Volumes of Florida Tech Professor’s Newspaper Columns Published
Scott Tilley’s Technology Today Pieces Touch on Variety of Topics
MELBOURNE, FLA. — The weekly “Technology Today” columns written for Florida Today from 2010 through 2013 by Florida Institute of Technology professor Scott Tilley have been compiled into a three-volume collection.
A fourth volume containing his columns from 2014 will be published in early 2015.
Tilley is a professor in the Department of Education and Interdisciplinary Studies at Florida Tech, where he is also director of computing education. A past chair of the Association for Computing Machinery’s Special Interest Group on Design of Communication and an ACM Distinguished Lecturer, Tilley’s current research focuses on software testing, cloud computing, educational technology, STEM outreach, and system migration.
The speed of technological change seems to be increasing each year.
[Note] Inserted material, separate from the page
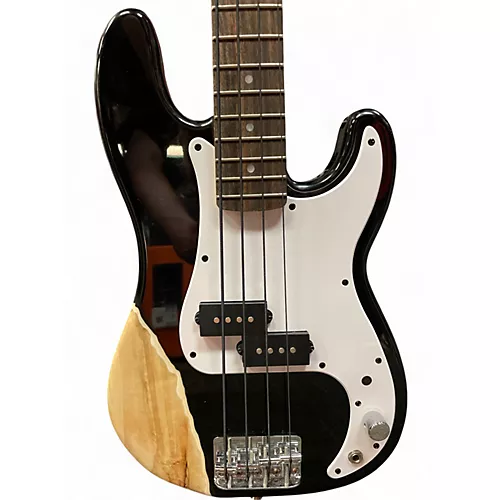 Used Squier mini bass black Electric Bass Guitar black - musicians--Friend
Tilley’s columns address various aspects of technology’s impact on our lives. The books offer a broader perspective, containing the unedited versions of the columns published in the newspaper and online.
The first volume, with columns from 2010 and 2011, looks at major technology happenings, including 2010’s BP Deepwater Horizon oil spill and the end of the Space Shuttle program, the introduction of IBM’s Watson supercomputer, and the passing of Apple’s Steve Jobs in 2011.
Technology 2012 is subtitled “To the cloud and beyond,” reflecting the main themes of 2012: the evolution of computing at the edge (mobile computing), at the center (cloud computing), and in the connections (social computing) of our technical infrastructure.
The emergent theme in the book Technology 2013 is “Our connected world,” which was reflected in stories related to privacy (Edward Snowden and the NSA), complexity (HealthCare.gov), and fragility (vulnerable infrastructure and digital device dependency).
The three books, published by Precious Publishing, are available at Amazon.com and select retailers.
Tilley’s most recent book is Hard Problems in Software Testing: Solutions Using Testing as a Service (TaaS) (Morgan & Claypool, 2014).